What is required: The tail of the records, from the line containing "Laser Engraved Kitchen" through the final line, should be printed exactly and on its own.

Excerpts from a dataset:
◇ ◇ ◇ ◇ ◇
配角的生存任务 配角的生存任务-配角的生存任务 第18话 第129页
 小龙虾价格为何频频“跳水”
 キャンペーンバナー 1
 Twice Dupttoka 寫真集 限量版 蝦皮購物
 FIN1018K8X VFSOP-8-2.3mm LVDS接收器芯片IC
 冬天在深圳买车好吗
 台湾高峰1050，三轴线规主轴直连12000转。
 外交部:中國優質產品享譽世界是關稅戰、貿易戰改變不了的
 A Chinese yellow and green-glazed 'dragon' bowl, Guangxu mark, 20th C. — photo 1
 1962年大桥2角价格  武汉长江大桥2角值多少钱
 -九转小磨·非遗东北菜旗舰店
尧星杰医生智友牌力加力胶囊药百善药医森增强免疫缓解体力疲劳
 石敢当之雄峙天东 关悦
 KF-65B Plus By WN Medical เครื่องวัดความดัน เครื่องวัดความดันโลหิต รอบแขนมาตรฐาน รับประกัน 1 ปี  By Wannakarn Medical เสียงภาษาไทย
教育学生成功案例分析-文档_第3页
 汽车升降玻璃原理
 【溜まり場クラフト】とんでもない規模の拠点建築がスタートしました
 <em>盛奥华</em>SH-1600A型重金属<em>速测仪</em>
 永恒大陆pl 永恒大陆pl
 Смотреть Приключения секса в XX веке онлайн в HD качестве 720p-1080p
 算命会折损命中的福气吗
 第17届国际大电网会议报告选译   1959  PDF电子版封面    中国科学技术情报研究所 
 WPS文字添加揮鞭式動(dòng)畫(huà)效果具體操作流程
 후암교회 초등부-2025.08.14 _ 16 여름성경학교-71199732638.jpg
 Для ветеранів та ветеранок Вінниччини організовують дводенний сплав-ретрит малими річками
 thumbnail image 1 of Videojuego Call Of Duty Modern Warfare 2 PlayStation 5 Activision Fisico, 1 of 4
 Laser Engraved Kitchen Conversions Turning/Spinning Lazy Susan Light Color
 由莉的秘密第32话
◇ ◇ ◇ ◇ ◇
Response for this exercise:
 Laser Engraved Kitchen Conversions Turning/Spinning Lazy Susan Light Color
 由莉的秘密第32话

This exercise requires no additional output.